The foregoing description of the Prior Indenture, the Prior
Supplemental Agreement, and the Prior Guaranty are not complete and
are qualified in their entirety by reference to the full text of
the Prior Indenture, the Prior Supplemental Agreement, and the
Prior Guaranty, copies of which were filed as Exhibit 10.1, 10.2
and 10.3, respectively, to the Current Report on Form 8-K filed by
the Partnership with the Securities and Exchange Commission on
September 30, 2020, and are incorporated by reference
herein.
Item 2.03. Creation of a Direct Financial Obligation or an
Obligation under an Off-Balance Sheet Arrangement of a
Registrant.
The information set forth under Item 1.01 above is hereby
incorporated by reference into this Item 2.03, insofar as it
relates to the creation of a direct financial obligation of the
Partnership or an obligation under an off-balance sheet arrangement
of the Partnership.
Forward-Looking Statements
Certain statements in this report are intended to be covered by the
safe harbor for “forward-looking statements” provided by the
Private Securities Litigation Reform Act of 1995. These
forward-looking statements generally can be identified by use of
statements that include, but are not limited to, phrases such as
“believe,” “expect,” “future,” “anticipate,” “intend,” “plan,”
“foresee,” “may,” “should,” “will,” “estimates,” “potential,”
“continue,” or other similar words or phrases. Similarly,
statements that describe objectives, plans, or goals also are
forward-looking statements. Such forward-looking statements involve
inherent risks and uncertainties, many of which are difficult to
predict and are generally beyond the control of the Partnership.
The Partnership cautions readers that a number of important factors
could cause actual results to differ materially from those
expressed in, implied, or projected by such forward-looking
statements. Risks and uncertainties include, but are not limited
to, those risks detailed in the Partnership’s SEC filings
(including but not limited to, the Partnership’s Annual Report on
Form 10-K, Quarterly Reports on Form 10-Q, and Current Reports on
Form 8-K). Readers are urged to consider these factors carefully in
evaluating the forward-looking statements.

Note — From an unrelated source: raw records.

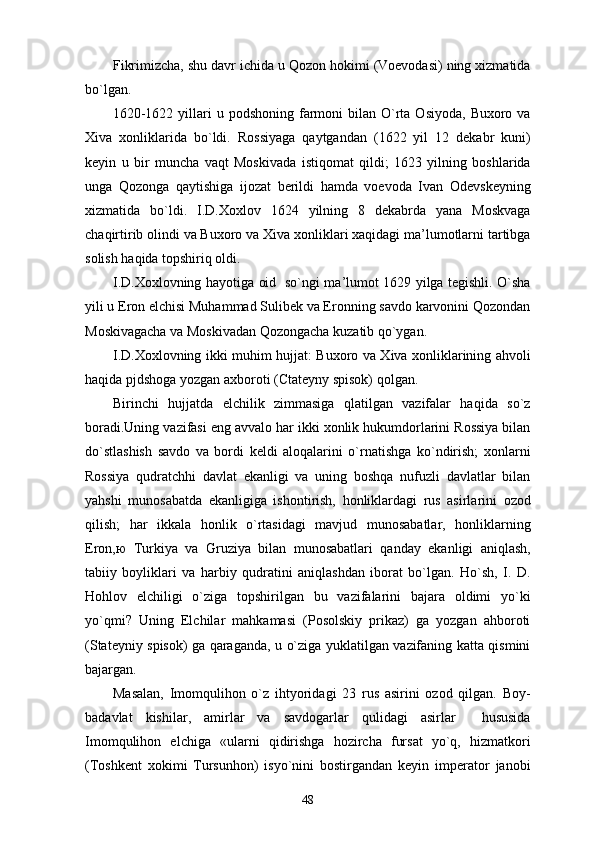 Fikrimizcha, shu davr ichida u Qozon hokimi (Voevodasi) ning xizmatida
bo`lgan.
1620-1622  yillari   u podshoning  farmoni   bilan O`rta Osiyoda,  Buxoro  va
Xiva   xonliklarida   bo`ldi.   Rossiyaga   qaytgandan   (1622   yil   12   dekabr   kuni)
keyin   u   bir   muncha   vaqt   Moskivada   istiqomat   qildi;   1623   yilning   boshlarida
unga   Qozonga   qaytishiga   ijozat   berildi   hamda   voevoda   Ivan   Odevskeyning
xizmatida   bo`ldi.   I.D.Xoxlov   1624   yilning   8   dekabrda   yana   Moskvaga
chaqirtirib olindi va Buxoro va Xiva xonliklari xaqidagi ma’lumotlarni tartibga
solish haqida topshiriq oldi.
I.D.Xoxlovning hayotiga oid   so`ngi ma’lumot 1629 yilga tegishli. O`sha
yili u Eron elchisi Muhammad Sulibek va Eronning savdo karvonini Qozondan
Moskivagacha va Moskivadan Qozongacha kuzatib qo`ygan.
I.D.Xoxlovning ikki muhim hujjat: Buxoro va Xiva xonliklarining ahvoli
haqida pjdshoga yozgan axboroti (Ctateyny spisok) qolgan.
Birinchi   hujjatda   elchilik   zimmasiga   qlatilgan   vazifalar   haqida   so`z
boradi.Uning vazifasi eng avvalo har ikki xonlik hukumdorlarini Rossiya bilan
do`stlashish   savdo   va   bordi   keldi   aloqalarini   o`rnatishga   ko`ndirish;   xonlarni
Rossiya   qudratchhi   davlat   ekanligi   va   uning   boshqa   nufuzli   davlatlar   bilan
yahshi   munosabatda   ekanligiga   ishontirish,   honliklardagi   rus   asirlarini   ozod
qilish;   har   ikkala   honlik   o`rtasidagi   mavjud   munosabatlar,   honliklarning
Eron, ю   Turkiya   va   Gruziya   bilan   munosabatlari   qanday   ekanligi   aniqlash,
tabiiy   boyliklari   va   harbiy   qudratini   aniqlashdan   iborat   bo`lgan.   Ho`sh,   I.   D.
Hohlov   elchiligi   o`ziga   topshirilgan   bu   vazifalarini   bajara   oldimi   yo`ki
yo`qmi?   Uning   Elchilar   mahkamasi   (Posolskiy   prikaz)   ga   yozgan   ahboroti
(Stateyniy spisok) ga qaraganda, u o`ziga yuklatilgan vazifaning katta qismini
bajargan. 
Masalan,   Imomqulihon   o`z   ihtyoridagi   23   rus   asirini   ozod   qilgan.   Boy-
badavlat   kishilar,   amirlar   va   savdogarlar   qulidagi   asirlar     hususida
Imomqulihon   elchiga   «ularni   qidirishga   hozircha   fursat   yo`q,   hizmatkori
(Toshkent   xokimi   Tursunhon)   isyo`nini   bostirgandan   keyin   imperator   janobi
48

If any of these risks or uncertainties materializes or if any of
the assumptions underlying such forward-looking statements proves
to be incorrect, the developments and future events concerning the
Partnership set forth in this report may differ materially from
those expressed or implied by these forward-looking statements. You
are cautioned not to place undue reliance on these statements,
which speak only as of the date of this document. We anticipate
that subsequent events and developments will cause our expectations
and beliefs to change. The Partnership assumes no obligation to
update such forward-looking statements to reflect events or
circumstances after the date of this document or to reflect the
occurrence of unanticipated events, unless obligated to do so under
the federal securities laws.
Item 9.01 Financial Statements and Exhibits.
(a) Not applicable.
(b) Not applicable.
(c) Not applicable.
(d) Exhibits.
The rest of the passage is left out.